## About this exercise:
From the listing below, set down exactly the lines between the one holding "سم الضفدع علاج للاكتئاب؟" and the one holding "A British Borough", inclusive. No other line is wanted.

## Records for the exercise:
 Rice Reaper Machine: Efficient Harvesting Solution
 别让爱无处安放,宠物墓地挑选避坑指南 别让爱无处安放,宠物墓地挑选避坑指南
--
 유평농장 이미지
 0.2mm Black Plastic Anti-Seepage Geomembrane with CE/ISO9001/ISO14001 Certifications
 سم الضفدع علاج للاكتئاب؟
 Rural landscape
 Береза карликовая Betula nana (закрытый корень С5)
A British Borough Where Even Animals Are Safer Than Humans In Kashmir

## Reply:
 سم الضفدع علاج للاكتئاب؟
 Rural landscape
 Береза карликовая Betula nana (закрытый корень С5)
A British Borough Where Even Animals Are Safer Than Humans In Kashmir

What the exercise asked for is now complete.